New York, June 8, 2026, 08:01 EDT
- Plug Power was quoted at $3.31 in Monday pre-market trade after closing Friday at $3.22, down 10.69%.
- Investors are looking toward the company’s June 11 shareholder meeting, where CEO Jose Luis Crespo is due to give a corporate update.
- The cash story remains central after Plug closed a $39.2 million federal investment tax credit sale tied to its St. Gabriel hydrogen facility.
Plug Power Inc. shares pointed higher before Monday’s open, clawing back a small part of Friday’s 10.69% slide as investors turned to a short week of company-specific catalysts and a still-raw market tape.
The hydrogen fuel-cell company was quoted at $3.31 in pre-market trade, up 2.95% from Friday’s close of $3.22. The stock had fallen for three straight sessions by Friday, when the Nasdaq Composite dropped 4.18% and the Dow Jones Industrial Average lost 1.35%.
The timing matters. Plug’s annual meeting is set for Thursday at 10 a.m. Eastern, with Crespo due to deliver a corporate overview and then take questions after the formal business portion. Investors have little patience for vague updates after a year in which the stock has traded more like a funding story than a clean-energy growth name.

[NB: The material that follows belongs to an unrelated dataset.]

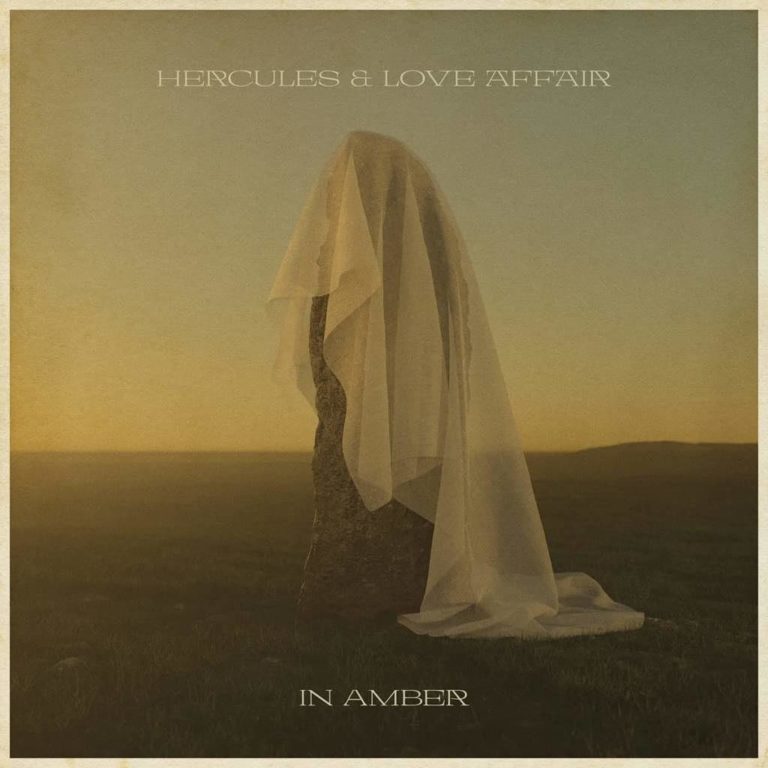Ein mystischer Monolith auf weiter Wiese, von einem transparenten weißen Schleier bedeckt – im goldenen Dämmerlicht eingefangen. Das Albumcover von „In Amber“ wirkt wie ein stilles Denkmal für Vergänglichkeit, Trauer und Transformation.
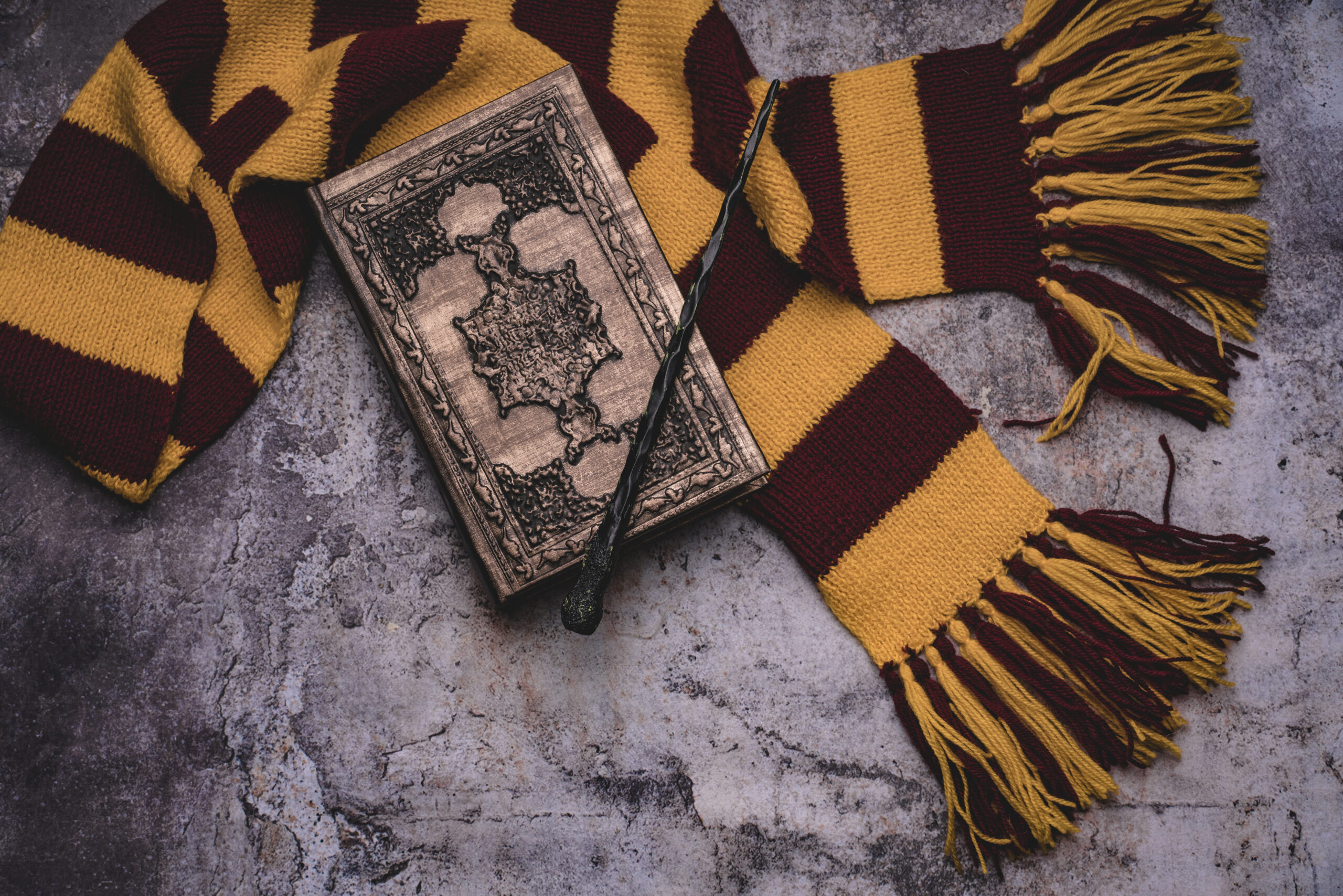 Subjects of the school of magic. Scarf, magic wand, book of spells on grey stone background.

The latest hard news from the company came last week, when Plug said it had closed the sale of a federal investment tax credit, a U.S. clean-energy incentive that can be transferred to bring in cash, for about $39.2 million. The credit was tied to its St. Gabriel, Louisiana hydrogen liquefaction facility.
Crespo said the deal was part of Plug’s “capital efficiency initiatives.” Chief Financial Officer Paul Middleton called it a “disciplined financial strategy.” The small quotes matter because they point to the same issue: liquidity, not just hydrogen demand. GlobeNewswire
Plug ended the first quarter with more than $802 million in total cash, including $223 million of unrestricted cash and about $579 million of restricted cash. The company also said it expected about $275 million from hydrogen project asset monetization initiatives, with one roughly $142 million transaction expected to close in June.
The operating picture has improved, though it is still loss-making. First-quarter revenue rose 22% from a year earlier to $163.5 million, while gross margin — the portion of sales left after direct costs — improved to minus 13% from minus 55%. Adjusted loss per share narrowed to 8 cents from 17 cents.
Crespo said after the results that the quarter showed “strong commercial execution” and “continued progress improving the underlying economics.” Plug has also kept a target of positive EBITDAS in the fourth quarter, a company profitability measure that strips out financing, tax and several non-cash costs. GlobeNewswire
Analysts have not treated the turn as finished. Canaccord analyst Jason Tilchen described Project Quantum Leap as a “broad restructuring and cost-optimization program,” according to Barron’s, which also reported that about 25% of Plug’s tradable shares were sold short around the May earnings period. Short sellers borrow and sell shares hoping to buy them back lower. Barron’s
The peer backdrop is not much help. Ballard Power Systems, another fuel-cell name, fell 18.95% on Friday, while FuelCell Energy and Bloom Energy were also quoted below their previous closes early Monday. That leaves Plug exposed to both its own cash milestones and the broader unwind in riskier growth stocks.
But the trade can still break the other way. If asset-sale proceeds slip, hydrogen margins stall, or investors hear little new detail at Thursday’s meeting, the stock could quickly return to questions about future funding and dilution. Plug itself has warned that forward-looking statements on liquidity and its hydrogen network carry risks that could cause results to differ from expectations.
For now, Monday’s early bounce is not the story by itself. The story is whether Plug can turn tax-credit cash, asset sales and margin improvement into enough runway to make the fourth-quarter profitability target look credible.